- [SUPPLIED MATERIAL]:

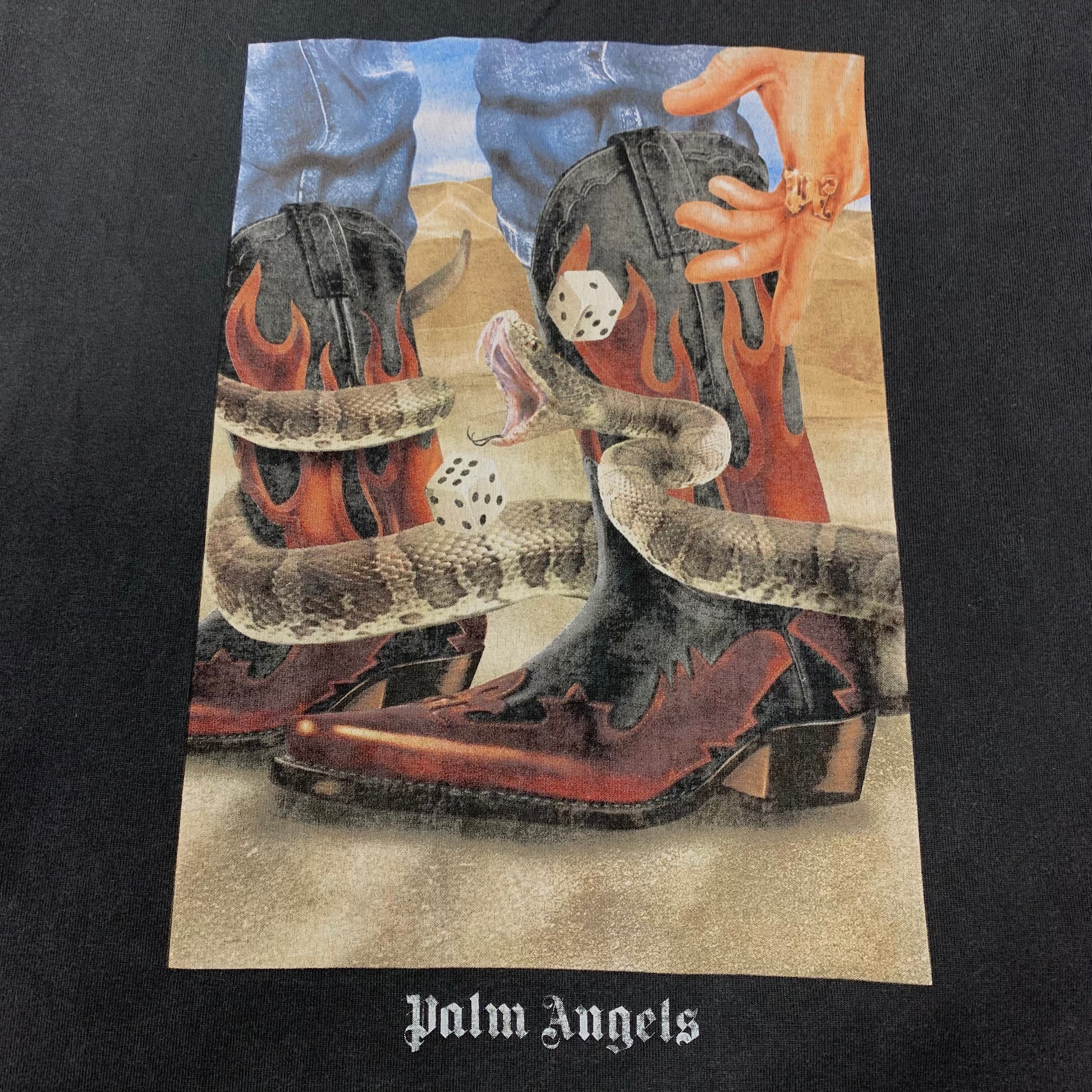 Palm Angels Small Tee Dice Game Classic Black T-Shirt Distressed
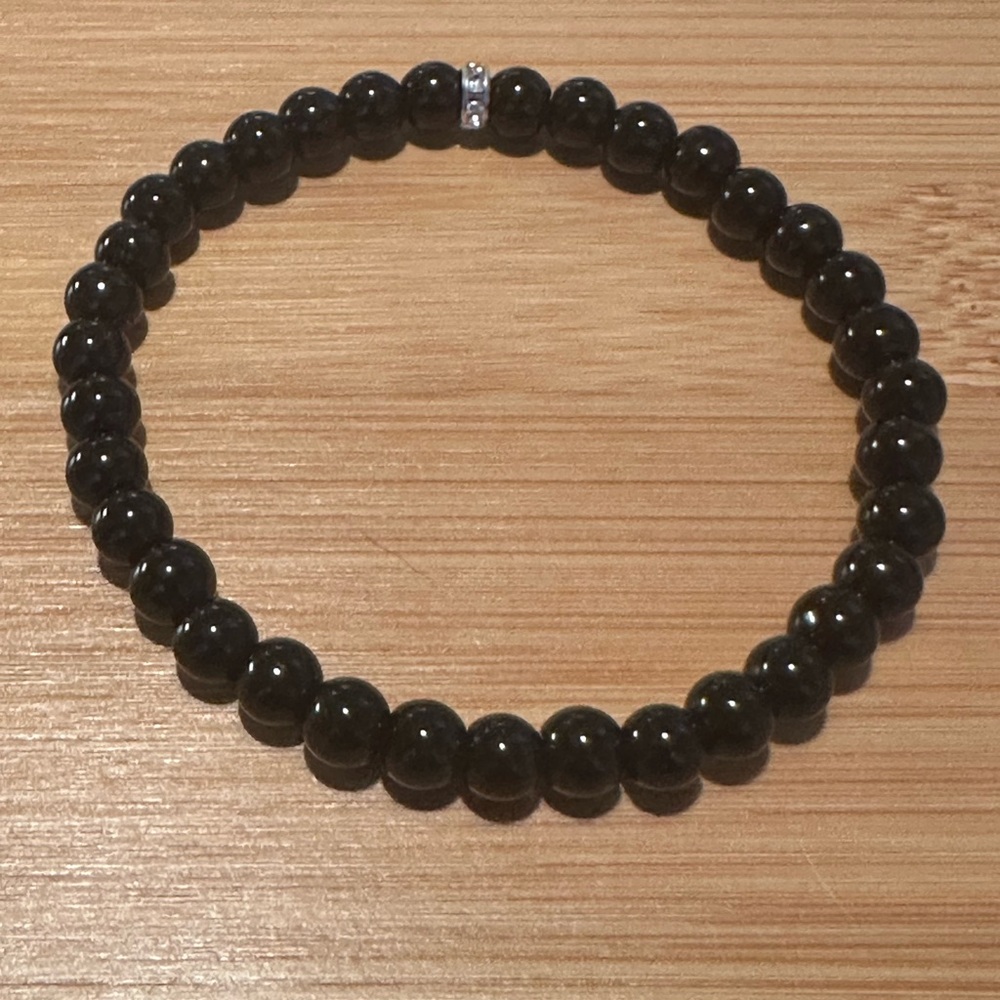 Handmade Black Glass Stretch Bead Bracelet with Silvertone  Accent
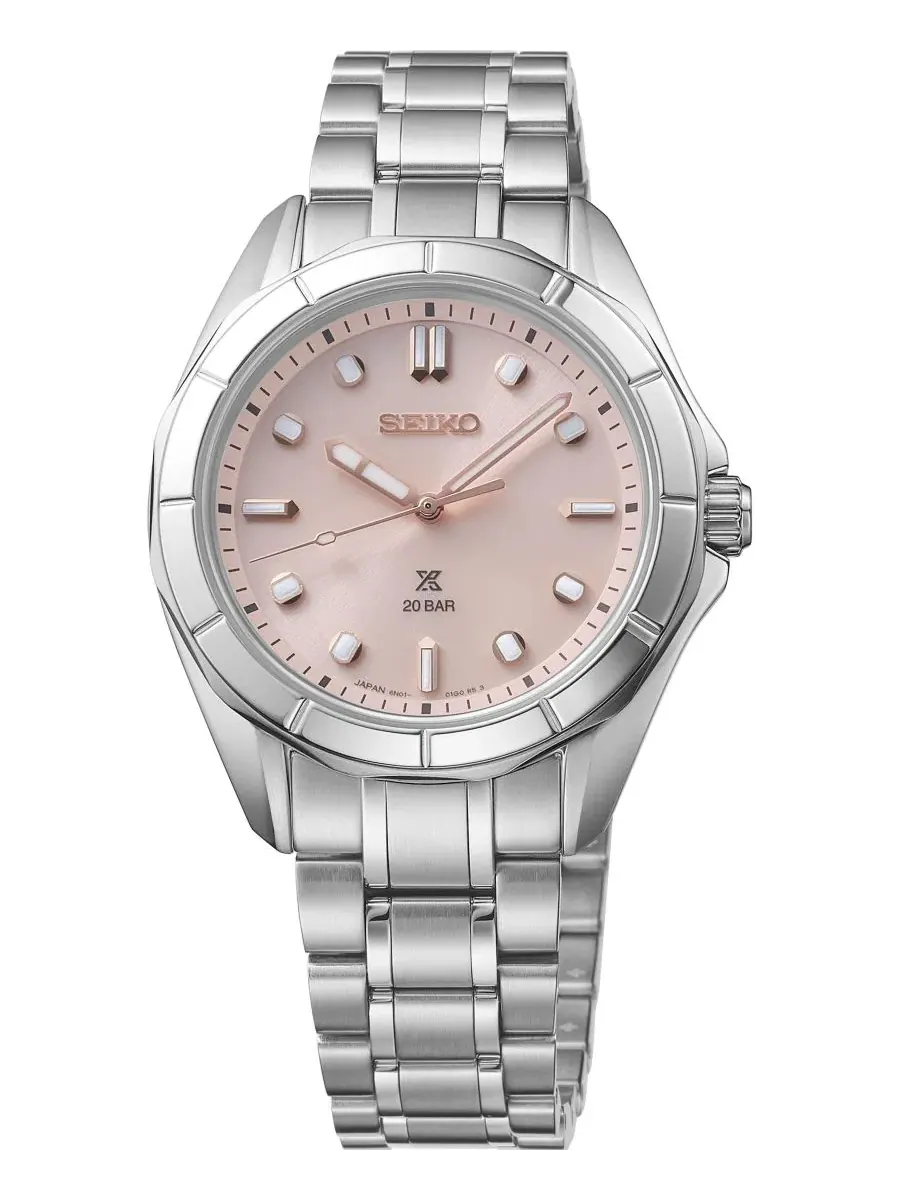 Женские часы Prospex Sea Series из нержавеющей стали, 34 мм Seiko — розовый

---

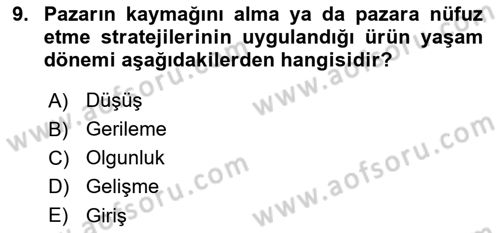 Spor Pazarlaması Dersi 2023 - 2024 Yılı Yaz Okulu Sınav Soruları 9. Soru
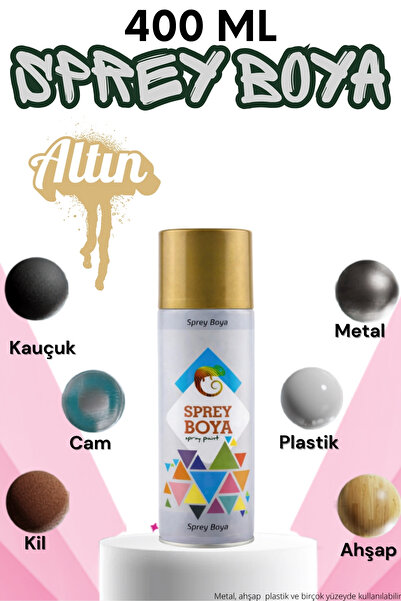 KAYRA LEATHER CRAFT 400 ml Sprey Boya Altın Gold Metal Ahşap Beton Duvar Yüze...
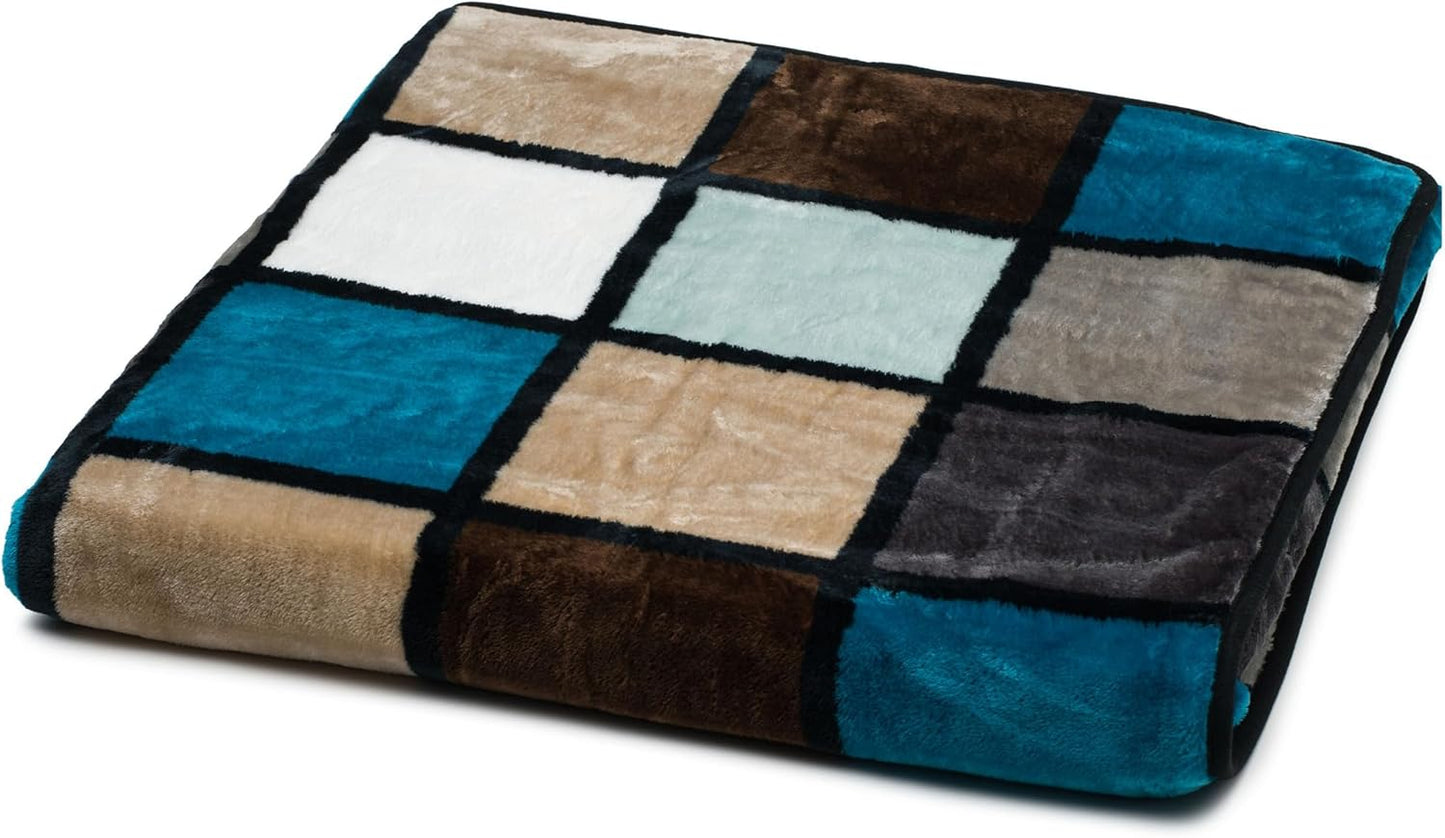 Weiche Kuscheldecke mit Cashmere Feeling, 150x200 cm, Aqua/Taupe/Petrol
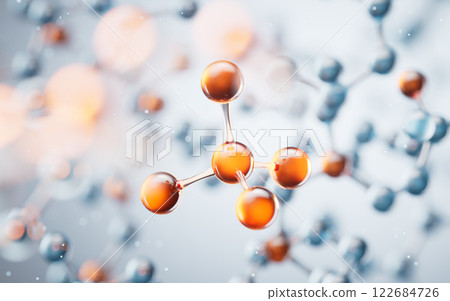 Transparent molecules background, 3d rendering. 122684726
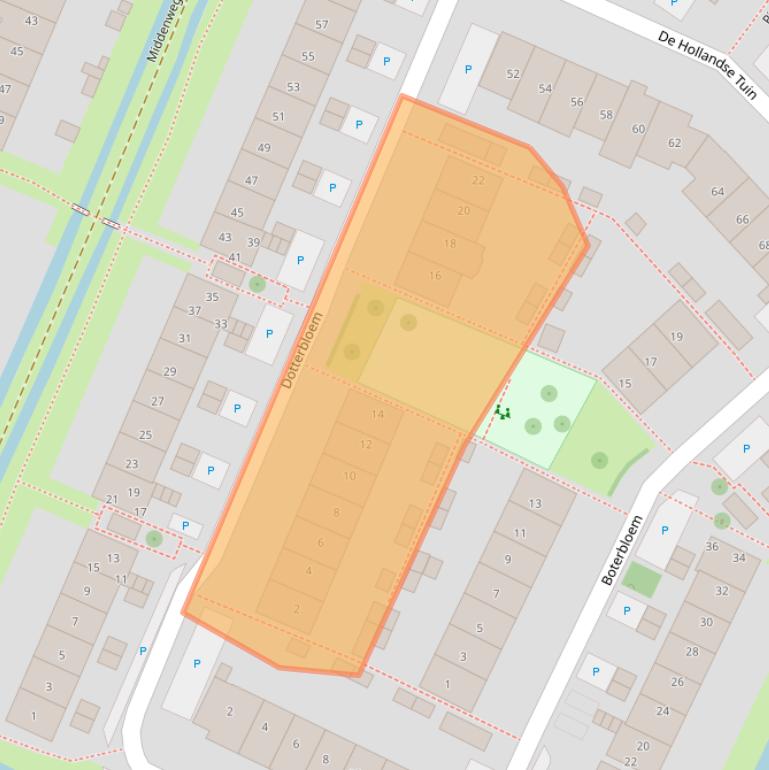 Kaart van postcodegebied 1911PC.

* * *

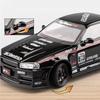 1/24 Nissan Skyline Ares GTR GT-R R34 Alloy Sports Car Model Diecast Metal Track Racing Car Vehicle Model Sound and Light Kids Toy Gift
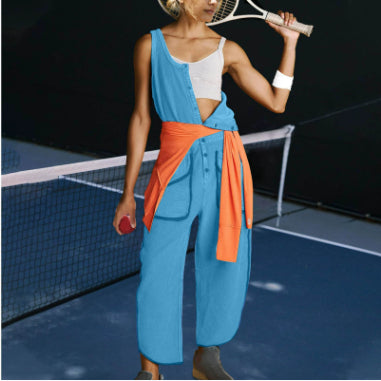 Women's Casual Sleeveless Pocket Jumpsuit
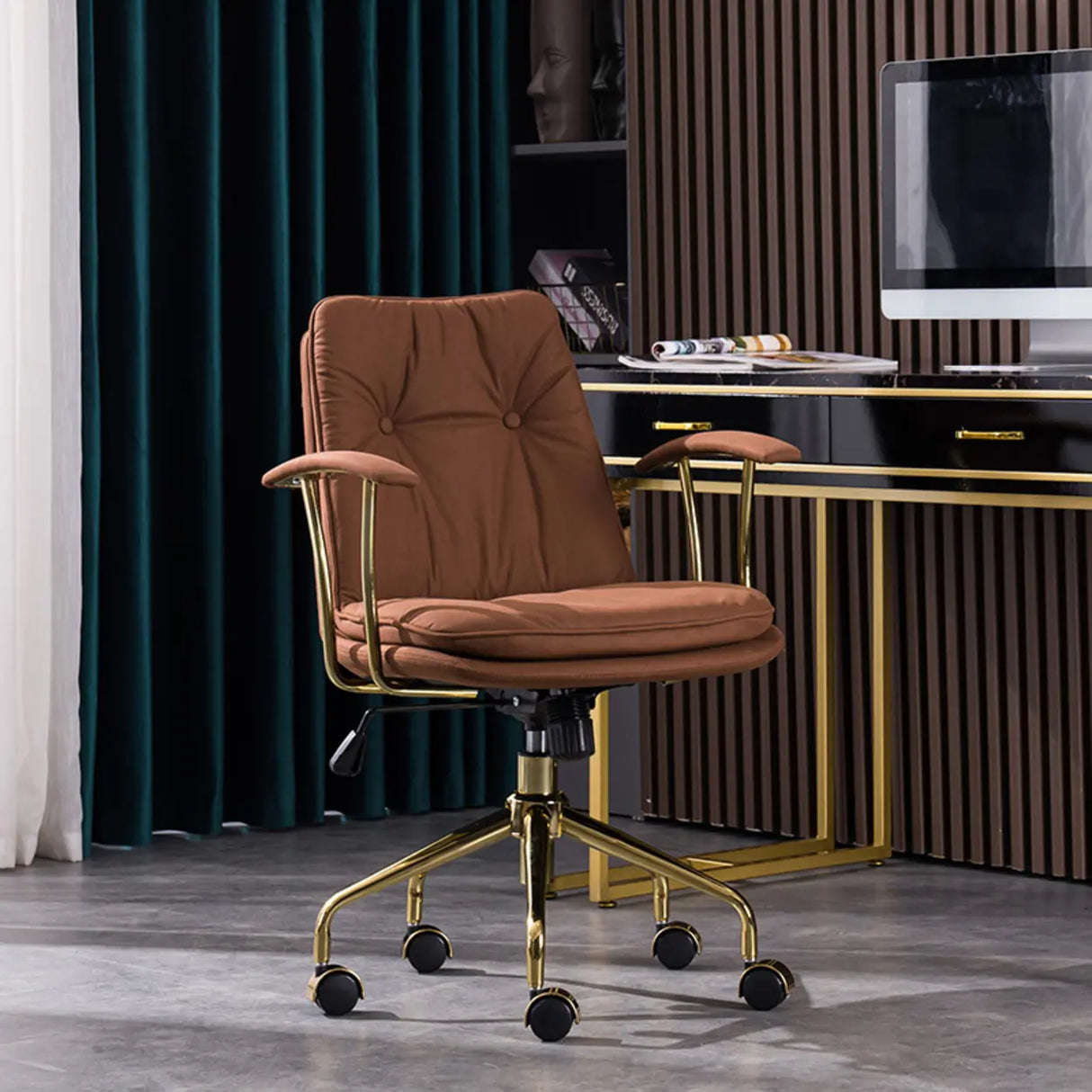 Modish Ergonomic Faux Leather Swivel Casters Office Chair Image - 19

- [PROMPT]:
Using the material above, reproduce only the lines that run from the line with "Weiche Kuscheldecke mit" up to and including the line with "Kaart van postcodegebied 1911PC.", exactly, with the pictures dropped.

- [RESPONSE FOR THIS EXERCISE]:
 Weiche Kuscheldecke mit Cashmere Feeling, 150x200 cm, Aqua/Taupe/Petrol
 Transparent molecules background, 3d rendering. 122684726
 Kaart van postcodegebied 1911PC.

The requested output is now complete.